▶ _WHAT IS EXPECTED_
The full text of the records below, minus any pictures, should be given back word for word.

▶ _INFORMATION SUPPLIED_
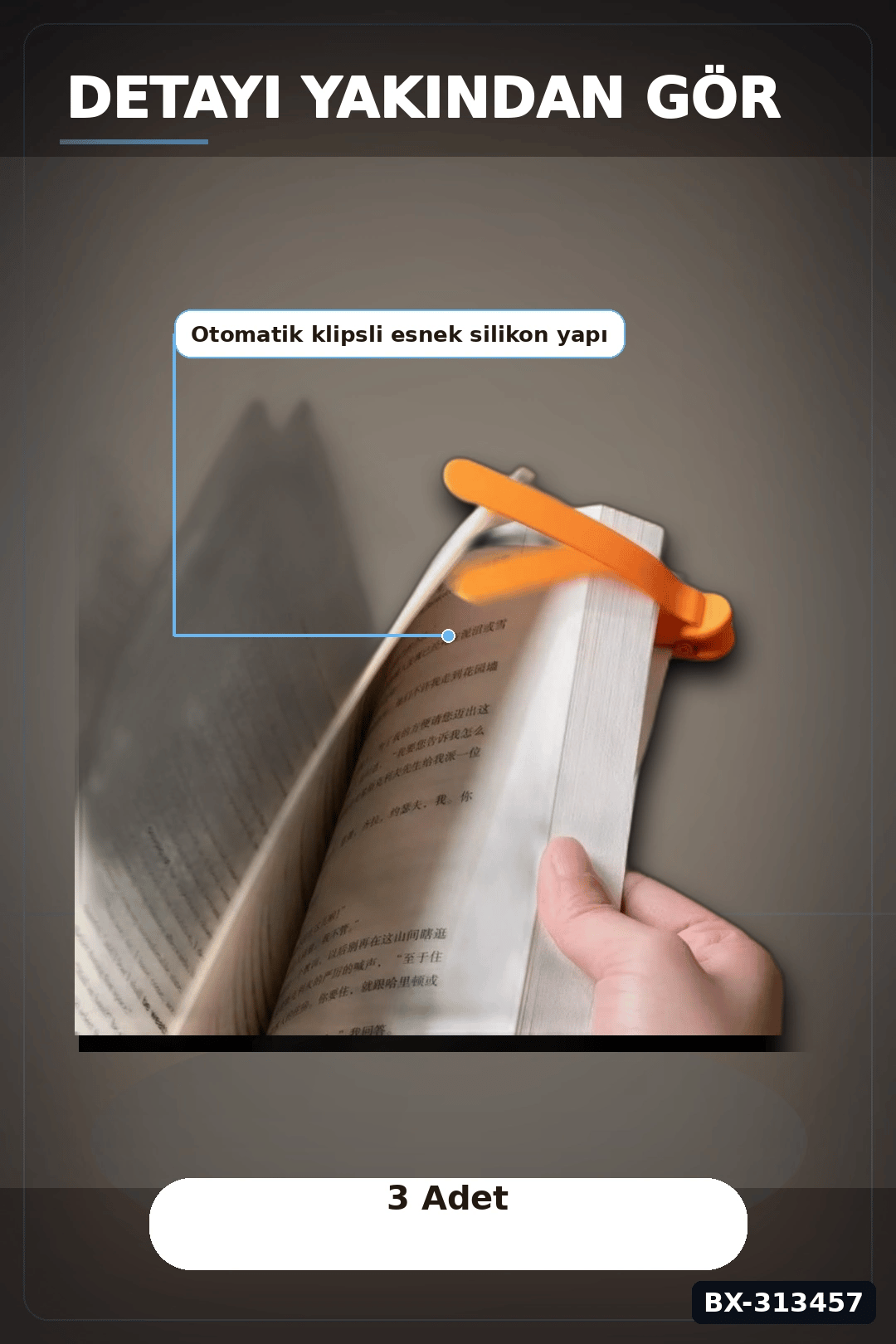 Silikon Otomatik Kitap Ayıracı 3 Adet Klips Seti - Akıllı Yer İmi Okuma Aksesuarı BX-313457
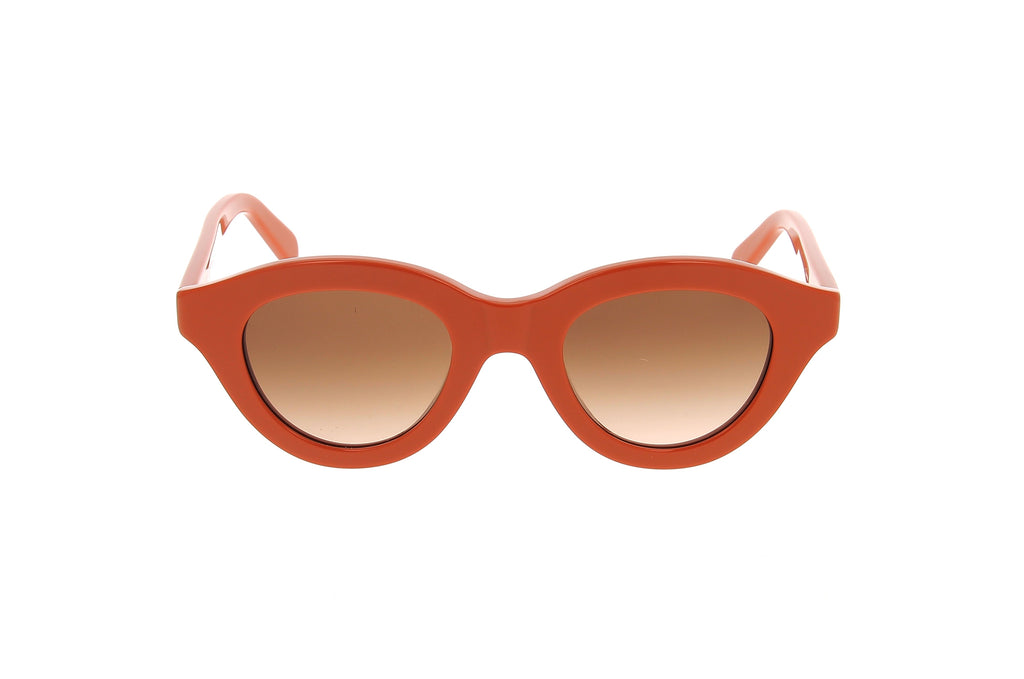 Luxury Eyewear – Okulary Przeciwsłoneczne - Celine, pomarańczowe okulary przeciwsłoneczne, brązowe szkła, oprawka z octanu, widok z przodu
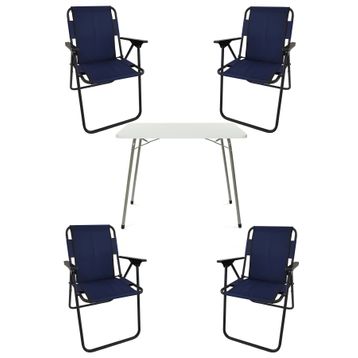 Bofigo Katlanır Beyaz 60x80 cm Masa + Katlanır Lacivert 4 Adet Sandalye Kamp Seti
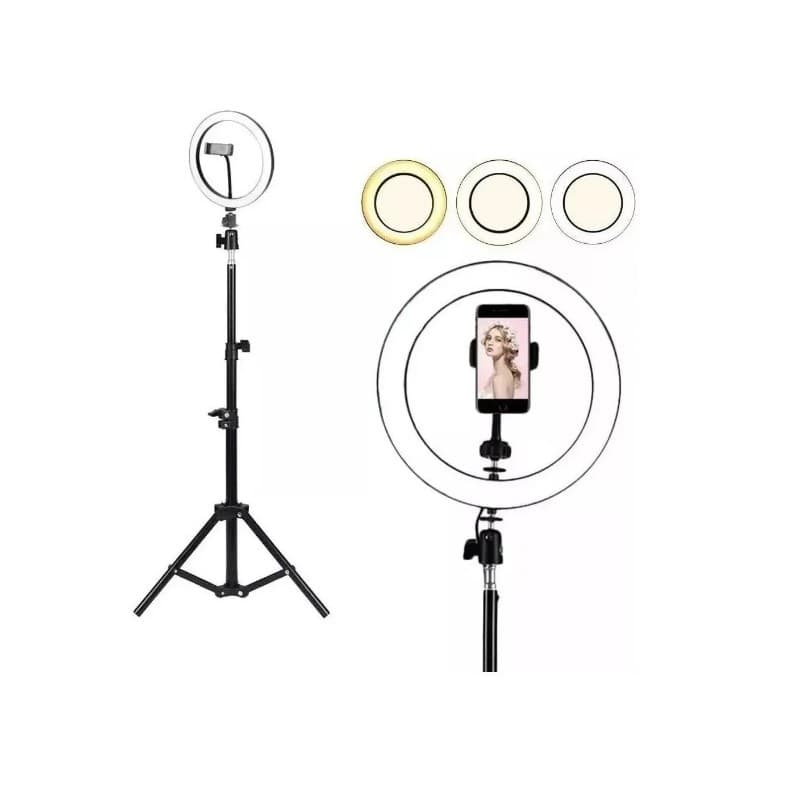 Kit Live Youtubers Ring Light 26cm + Tripé 2m + Suporte celular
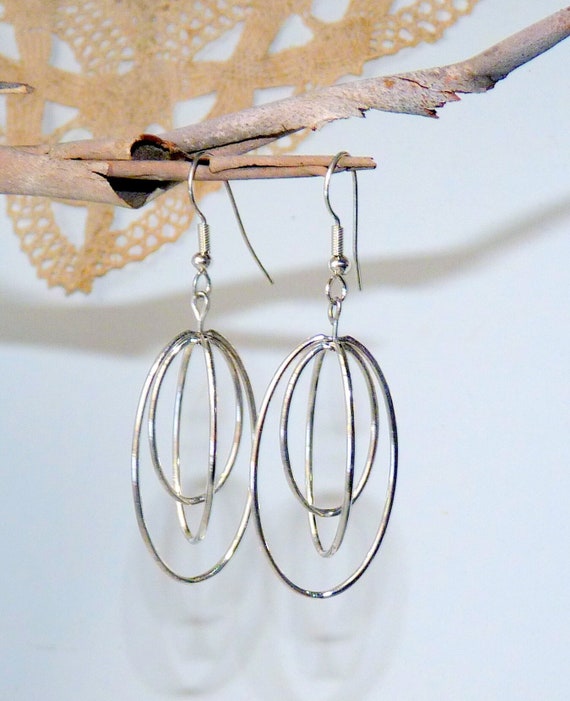 Sterling Silver Hoop Earrings 925 Hoop Dangle Geo… - image 1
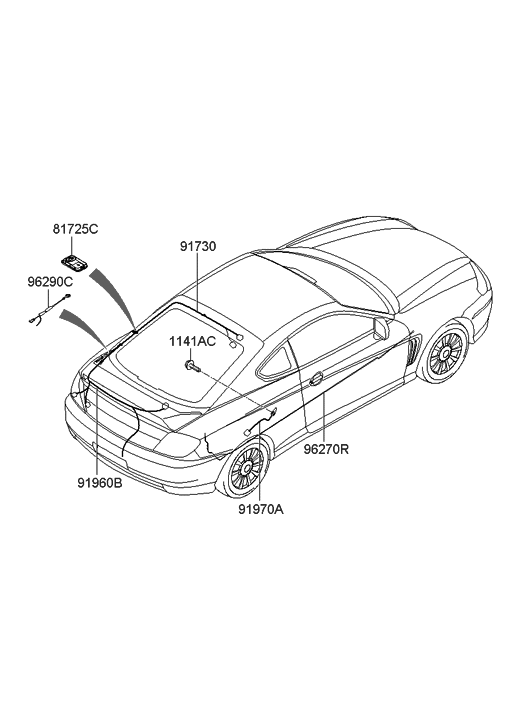 Hyundai 91970-2C000 Wiring Assembly-Rear Heated G/Earth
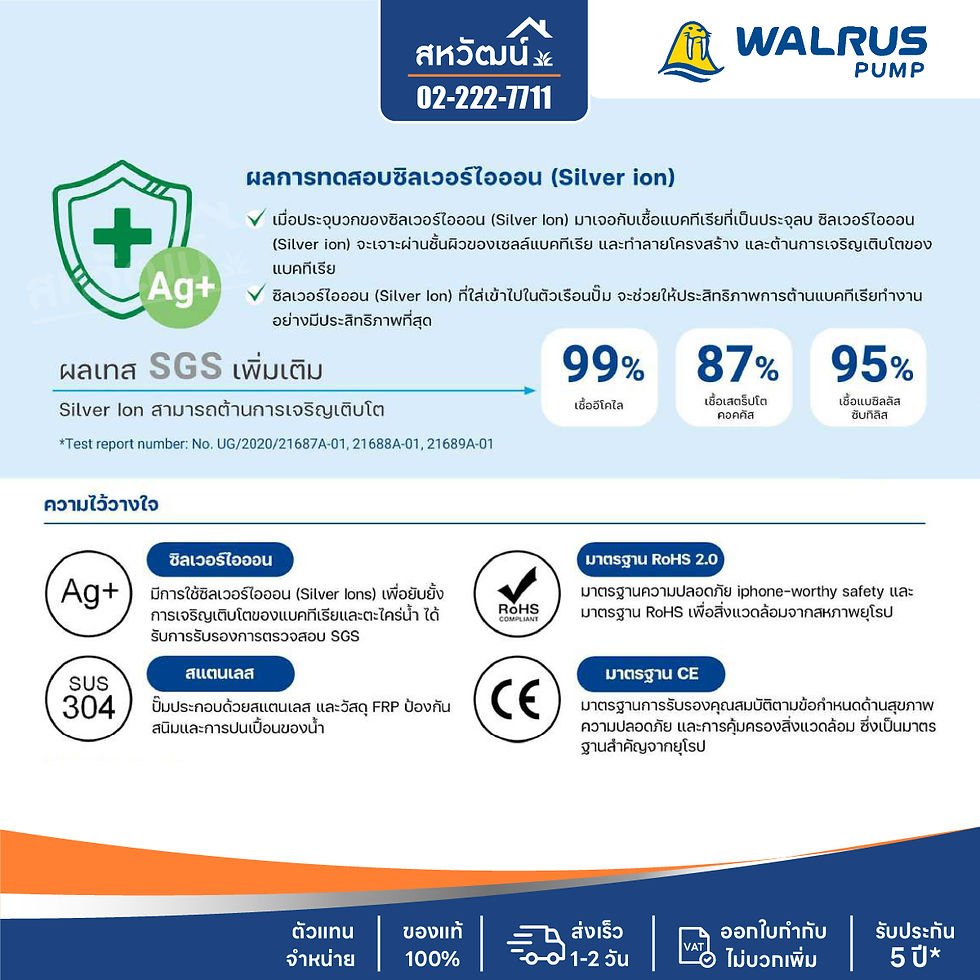 ภาพขนาดย่อ: WALRUS ปั๊มน้ำอัตโนมัติ ระบบแรงดันคงที่ TQ Series เสียงเงียบ 55 dB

▶ _COMPLETED TASK_
 Silikon Otomatik Kitap Ayıracı 3 Adet Klips Seti - Akıllı Yer İmi Okuma Aksesuarı BX-313457
 Luxury Eyewear – Okulary Przeciwsłoneczne - Celine, pomarańczowe okulary przeciwsłoneczne, brązowe szkła, oprawka z octanu, widok z przodu
 Bofigo Katlanır Beyaz 60x80 cm Masa + Katlanır Lacivert 4 Adet Sandalye Kamp Seti
 Kit Live Youtubers Ring Light 26cm + Tripé 2m + Suporte celular
 Sterling Silver Hoop Earrings 925 Hoop Dangle Geo… - image 1
 Hyundai 91970-2C000 Wiring Assembly-Rear Heated G/Earth
 ภาพขนาดย่อ: WALRUS ปั๊มน้ำอัตโนมัติ ระบบแรงดันคงที่ TQ Series เสียงเงียบ 55 dB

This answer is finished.